__The problem__
Reproduce, without alteration, every line of the data; exclude the images.

__Supplied material__
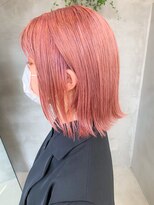 テトヘアー(teto hair) ペールピンク、薄いピンク、ピンクベージュ、ブリーチカラー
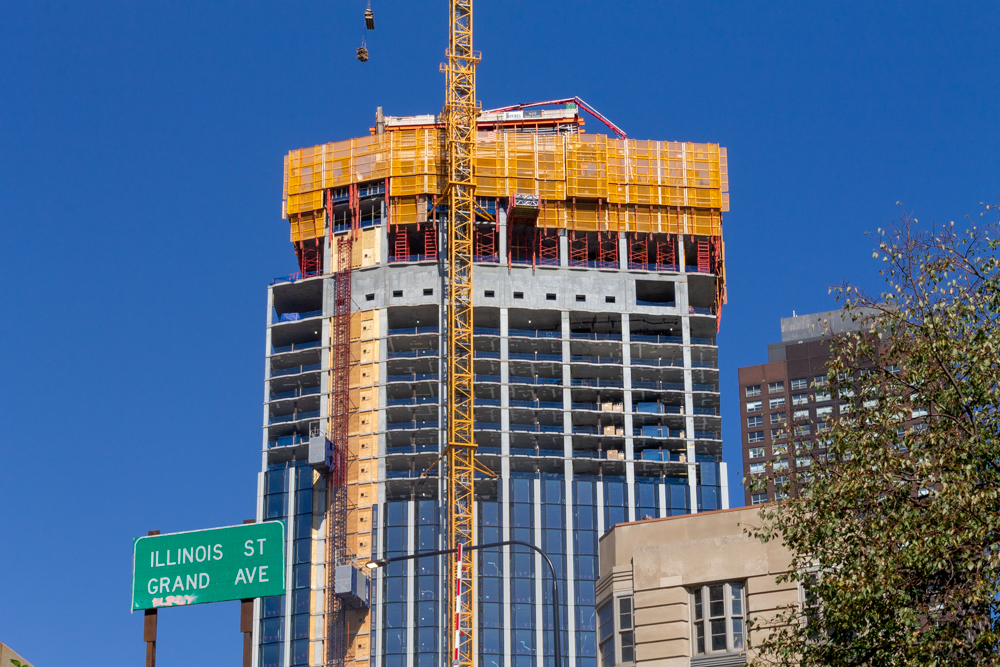 400 Lake Shore North Tower September crane jump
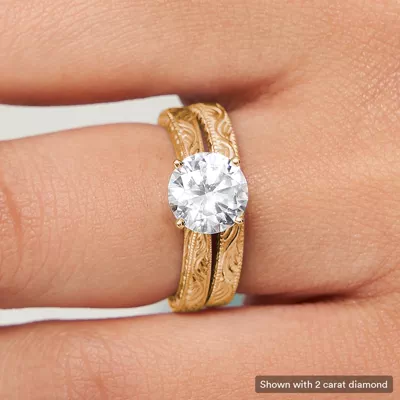 Mila Vintage-Inspired Solitaire Engagement Ring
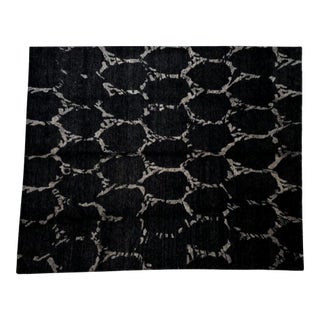 Silk and Wool Nepalese Rug, 8' X 9'10" For Sale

__Result for this task__
 テトヘアー(teto hair) ペールピンク、薄いピンク、ピンクベージュ、ブリーチカラー
 400 Lake Shore North Tower September crane jump
 Mila Vintage-Inspired Solitaire Engagement Ring
 Silk and Wool Nepalese Rug, 8' X 9'10" For Sale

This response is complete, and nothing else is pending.